Sr. No	Electrode Modifier	Technique	Supporting Electrolyte/pH	LOD of Naproxen	Ref.
1	Graphene oxide	DPV	PBS/7.2	6.47 µM	[24]
2	Reduced graphene oxide	CV	PBS/6.0	0.33 µM	[25]
3	MWCNTs/msCYP1A2-SPE	CV	PBS/7.4	16 µM	[26]
4	Ni-Co LDH/SPE	DPV	PBS/7.0	0.002 µM	[27]
5	Ni-Fe LDH/Au electrode	DPV	KCl/7.0	0.32 µM	[28]
6	ZnFe2O4/graphene oxide	DPV	PBS/7.0	0.222 nM	[29]
7	TsPro-Cs/rGO	DPV	PBS/7.0	0.4 μM	[30]
8	Poly l-serine/GCE	CV	PBS/5.0	0.69 μM	[31]
9	L-Cys/RGO/GCE	CV	PBS/7.0	0.35 µM	[32]
10	CdS/GCE	SWV	PBS/7.0	1.43 nM	Current work
Sr.
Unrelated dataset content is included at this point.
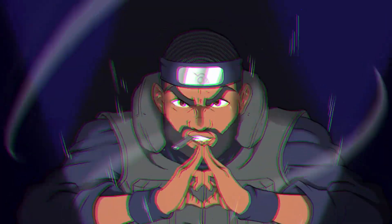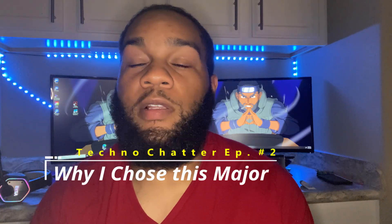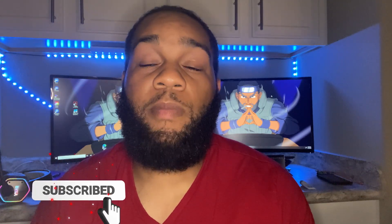What up guys, it's your boy HD, and today I'm going to be telling you how I chose my major and how to choose a major. Stay tuned. Appreciate you for coming back to the channel — this will be episode two of Tech Chatter. I appreciate all the love on the first video, and if you're here that means you want to know more about information security and resume tips. Please make sure you hit that subscribe button and that bell icon so you'll be notified when I'm dropping new content.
No	Electrode modifier	Technique	Supporting Electrolyte/pH	LOD of mobic	Ref.
1	L-lysine/graphene oxide	DPV	BRB/pH 3	8.7 × 10−7 M	[33]
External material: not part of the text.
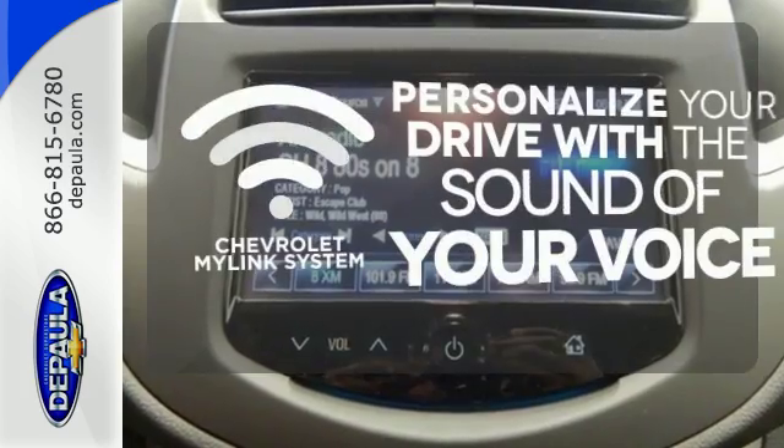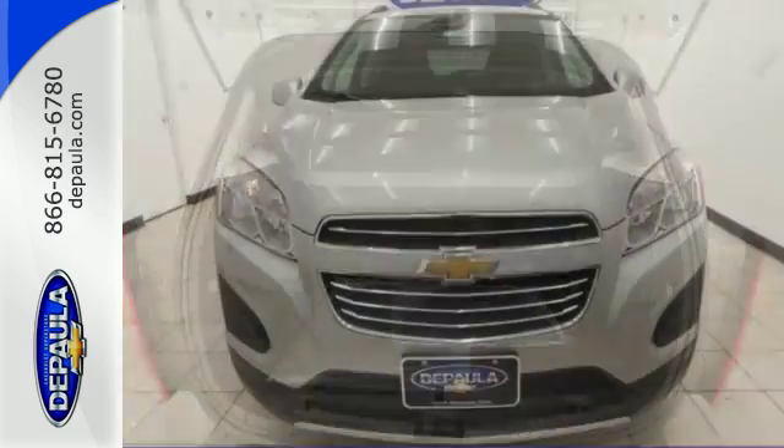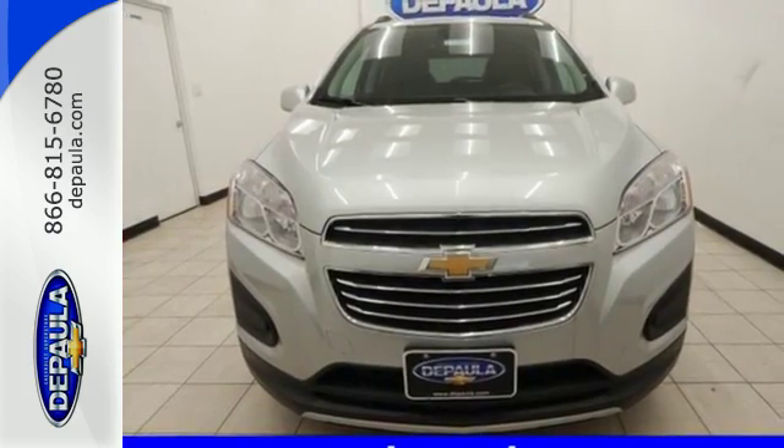Personalize your drive with voice-activated Chevrolet MyLink system. Discover the potential of this Trax. Come in for a test drive today.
2	Carbon paste/polymer Nps-MWCNTs	DPV	PBS/pH 9.0	0.32 µM	[34]
3	Boron-doped diamond Electrode	DPV	BRB/pH 1–3	59 nM	[35]
4	Cystic acid/GCE	CV	BRB/pH 1.86	1.5 nM	[36]
5	Hg drop electrode	Polarography	Acetate Buffer/pH 4.88	57 nM	[37]
6	3.33% graphene/CPE	Adsorptive SWV	BRB/pH 2.0	2.59 nM	[38]
7	ZnO/GCE	SWV	BRB/pH 4.0	7.21 nM	Current work

illustrates the comparison of current work with the literature reported works.

4. Conclusions

Cadmium sulfide and zinc oxide nanoparticles were successfully synthesized and utilized as electrode modifiers that enhanced the sensitivity characteristics of a glassy carbon electrode for the sensing of naproxen and mobic. In comparison to an unmodified glassy carbon electrode, the oxidation signals of the NSAIDs intensified when using the designed sensing platforms due to the electrocatalytic and surface area enhancement roles of the cadmium sulfide and zinc oxide nanoparticles. The synthesized nanomaterials were immobilized individually on the electrode’s surface and its modification was ensured by square-wave voltammetry. The pH-dependent signals of the target NSAIDs, shifting in potential with the change in the pH of the medium, revealed proton-coupled electron transfer. The conditions were optimized to achieve the highest possible current response of the target analytes. The obtained results revealed the high sensitivity of the designed electrochemical platforms. The application horizon of the designed sensors can be extended to the investigation of the redox fate of NSAIDs in biological molecules and the monitoring of their metabolites in human serum and urine, as required for clinical diagnostics and for obtaining insights into the action mechanism of drugs.